→ The task:
Leave the pictures out and restate every line below exactly.
++++ Input data ++++
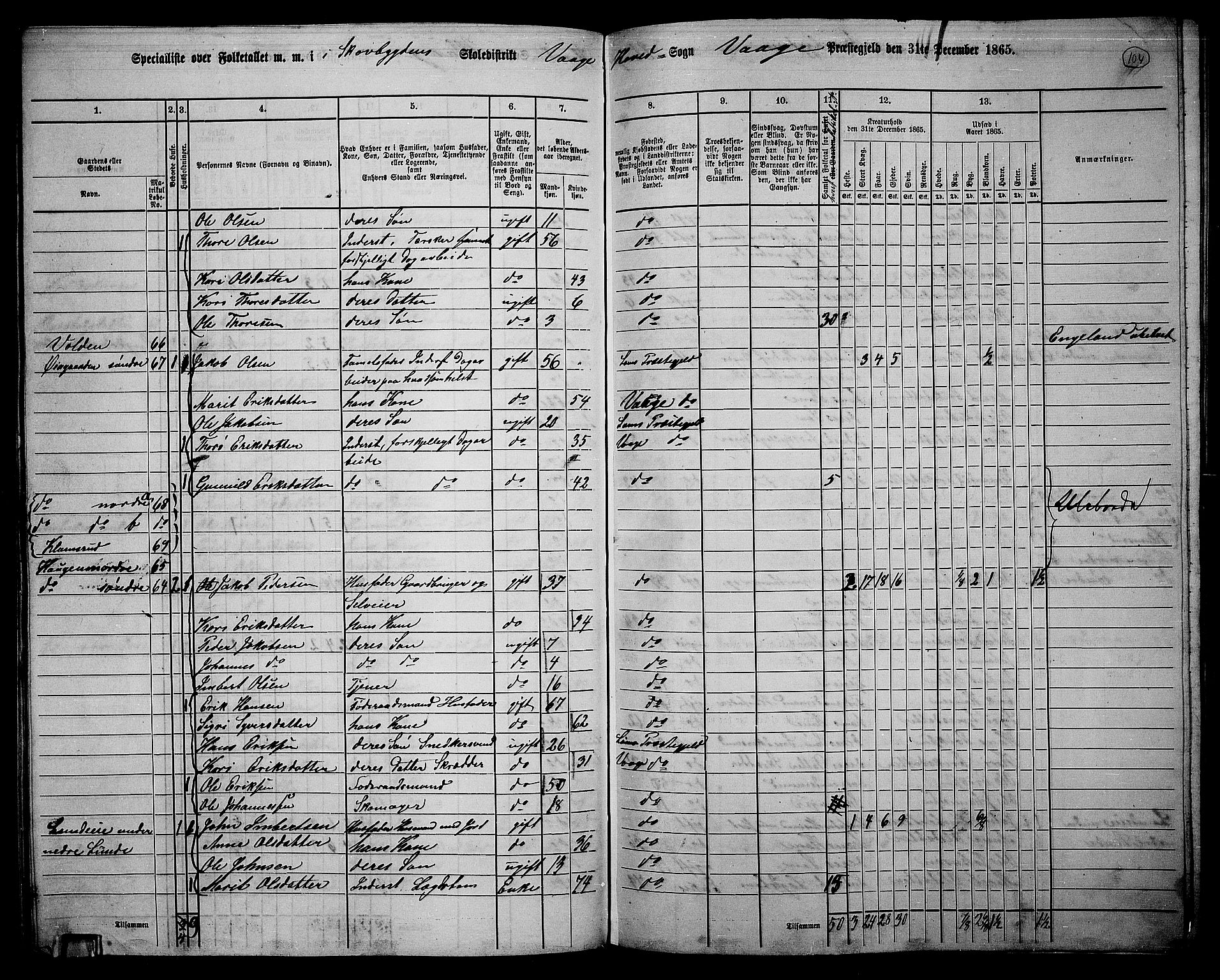 RA, 1865 census for Vågå, 1865, p. 100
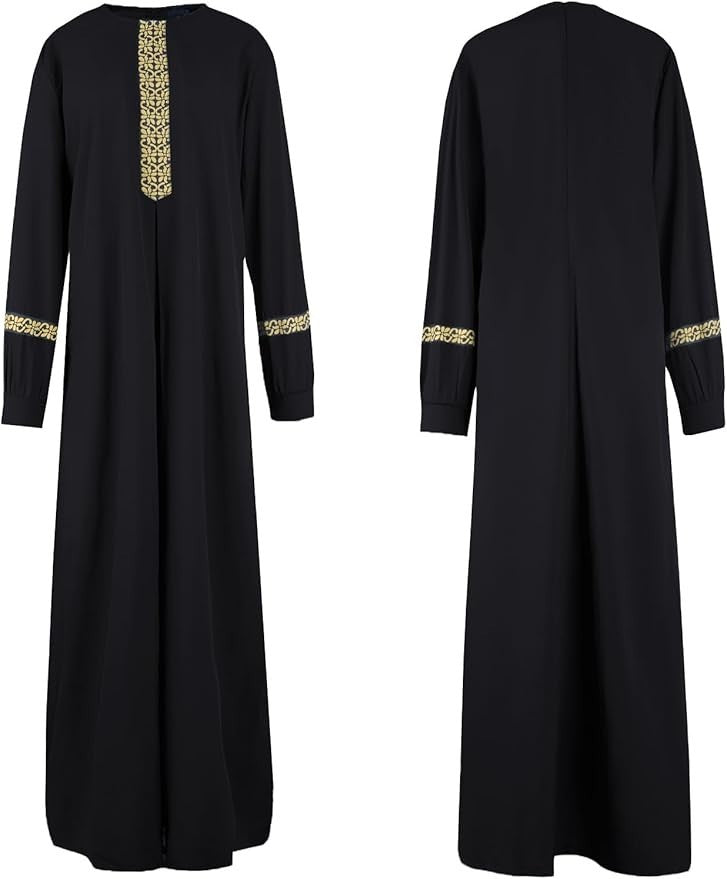 Abetteric Women's Muslim Abaya Dress w/ Hijab Zipper Islamic Robe Pockets Maxi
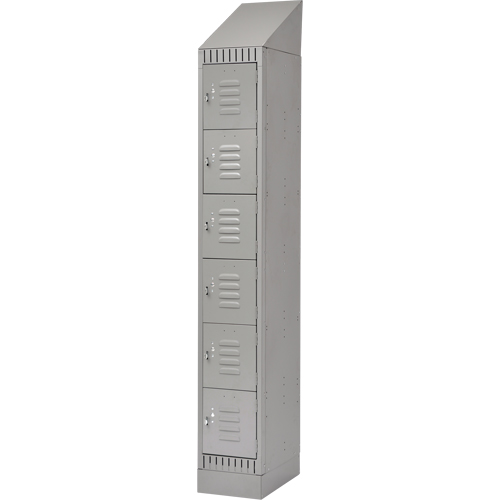 Lockers, 6 -tier, 12" x 18" x 86", Steel, Grey, Knocked Down Auto-Cam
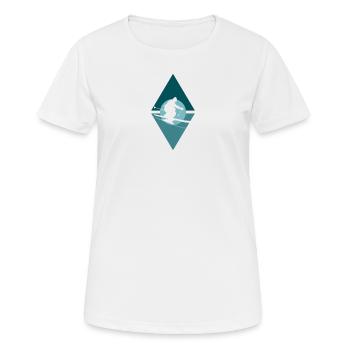 Skiing Ski Skiing - Women's Breathable T-Shirt - white - Front - AI Model Female 172 dark (172cm)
++++
→ Worked solution:
 RA, 1865 census for Vågå, 1865, p. 100
 Abetteric Women's Muslim Abaya Dress w/ Hijab Zipper Islamic Robe Pockets Maxi
 Lockers, 6 -tier, 12" x 18" x 86", Steel, Grey, Knocked Down Auto-Cam
 Skiing Ski Skiing - Women's Breathable T-Shirt - white - Front - AI Model Female 172 dark (172cm)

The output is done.